EXERCISE DIRECTIONS
Pictures are to be excluded. Please print only the lines from the one containing "Room 12 of 21" through the end of the data, exactly as they appear.

RAW DATA
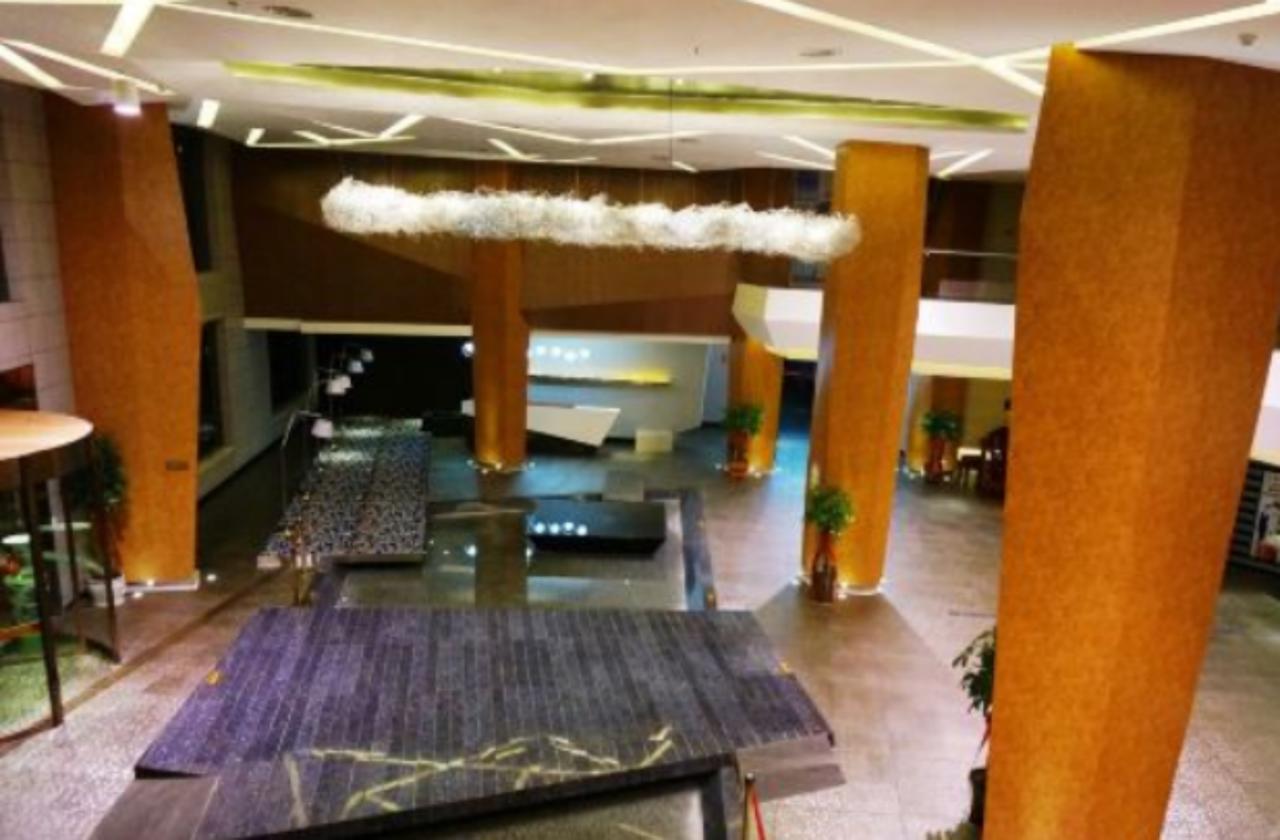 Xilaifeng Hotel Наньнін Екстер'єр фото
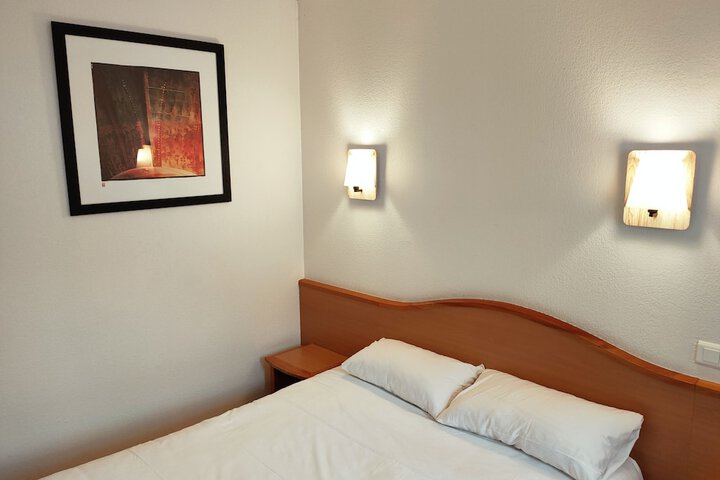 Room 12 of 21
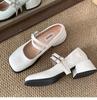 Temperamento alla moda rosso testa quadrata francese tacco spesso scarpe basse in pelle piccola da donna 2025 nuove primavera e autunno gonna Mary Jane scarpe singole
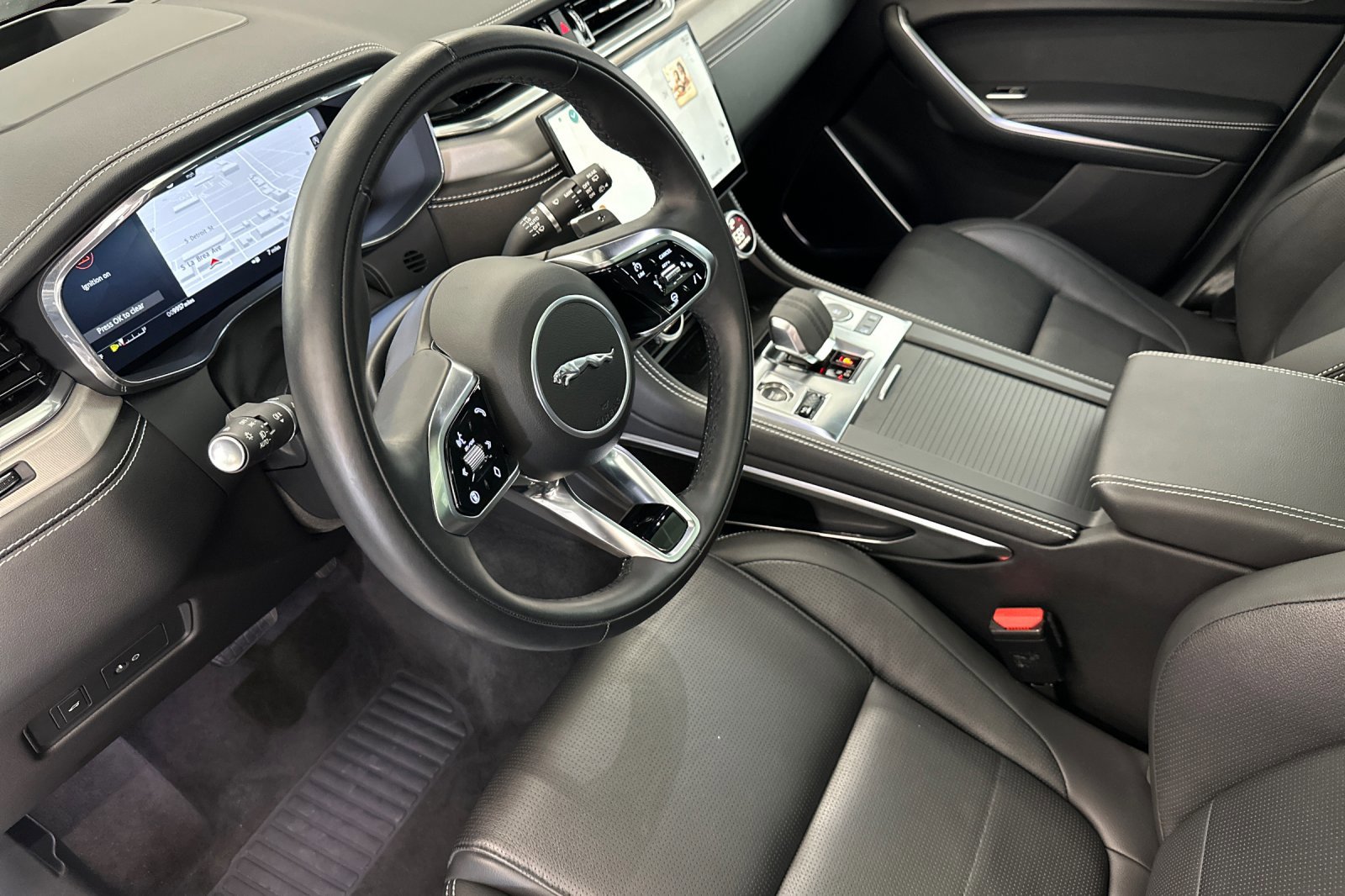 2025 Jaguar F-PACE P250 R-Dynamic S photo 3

COMPLETED EXERCISE
 Room 12 of 21
 Temperamento alla moda rosso testa quadrata francese tacco spesso scarpe basse in pelle piccola da donna 2025 nuove primavera e autunno gonna Mary Jane scarpe singole
 2025 Jaguar F-PACE P250 R-Dynamic S photo 3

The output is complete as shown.